### [ABOUT THIS TASK]
Although the listing below holds pictures, reproduce only its lines from the one containing "Black Diamond Notion" through the last, exactly and without them.

### [RECORD SET]
=== Section Start ===
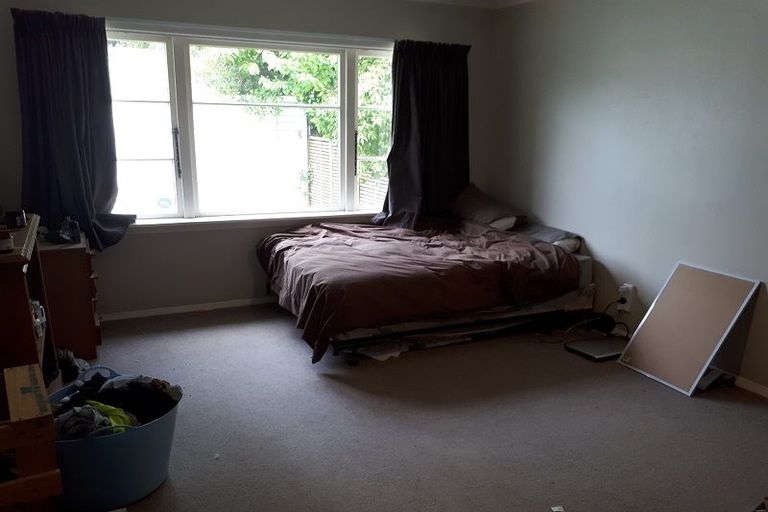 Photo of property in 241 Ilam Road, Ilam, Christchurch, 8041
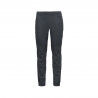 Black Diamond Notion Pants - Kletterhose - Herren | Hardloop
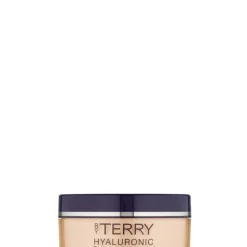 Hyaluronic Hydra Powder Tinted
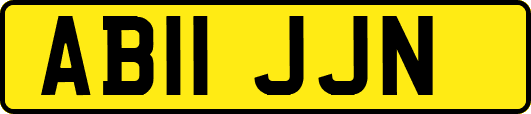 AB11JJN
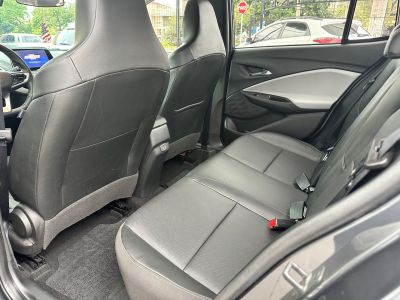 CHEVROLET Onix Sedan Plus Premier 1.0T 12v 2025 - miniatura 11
=== Section End ===
### [WRITTEN RESPONSE]
 Black Diamond Notion Pants - Kletterhose - Herren | Hardloop
 Hyaluronic Hydra Powder Tinted
 AB11JJN
 CHEVROLET Onix Sedan Plus Premier 1.0T 12v 2025 - miniatura 11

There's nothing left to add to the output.